Practical Hurdles In Crab Latching Concurrency
This post contains challenges I faced in implementing a thread-safe, concurrent B+Tree implementation. You can find the code here and tests here. A lot of engineering effort in code reviews, tests, analyzers (ThreadSanitizer) was required to finally arrive at an implementation without deadlocks and data races.
You will see that the same thinking and techniques applies to implementing any thread-safe, concurrent data structures.
What is Crab Latching?
A B+Tree node embeds a Readers/Writer Latch which allows either a shared read-only access (multiple readers) or an exclusive write access (single writer only).

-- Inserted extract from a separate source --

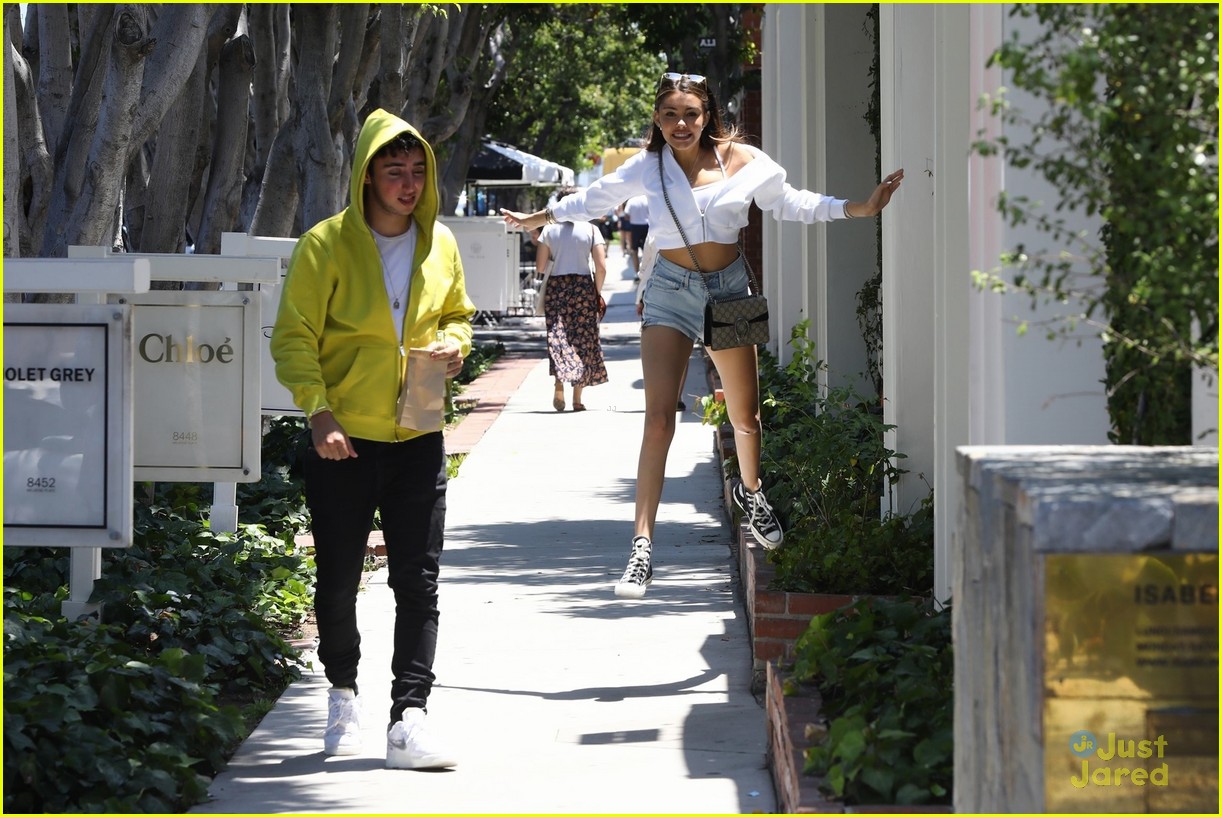 zack bia makes madison beer laugh head off 17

When a thread acquires a latch on a node, it can now traverse down the tree by acquiring a latch on a child node.
When a latch is acquired on the child node, only then is the parent latch released. Holding the parent latch is a safety requirement to ensure that the reference to the child node is valid and not a dangling reference. Since exclusive access is only ever granted to a single writer, we can be certain that while holding the latch on the parent node, the child references were not modified by another writer thread.
A writer thread performs an additional check to see if the current operation will result in an either an overflow (node has to split into two) or an underflow (sibling nodes have to be merged into one). If the answer is "yes", then the exclusive write latch on the parent node is not released immediately.
This is expected to happen rarely and the only time when a path segment in the B+Tree is latched for the duration of a write operation.
If later the writer finds a descendant node which will not cause an overflow or underflow, then all the ancestor latches are released after acquiring a latch on the descendant node.
The crab latching is a fine-grained concurrency protocol which allows multiple readers and writers to concurrently and safely access the B+Tree data structure with minimal contention.
The Need for Top-Down Latch Ordering
There are broadly two ways to handle deadlocks. The first approach is to avoid it through careful programming techniques and guarantee deadlocks will not happen at compilation time. The other way is to detect a deadlock when it happens and resolve it during runtime. For concurrent data structures, which do not embed a runtime the preferred approach is the first one, where we avoid deadlocks from ever occurring.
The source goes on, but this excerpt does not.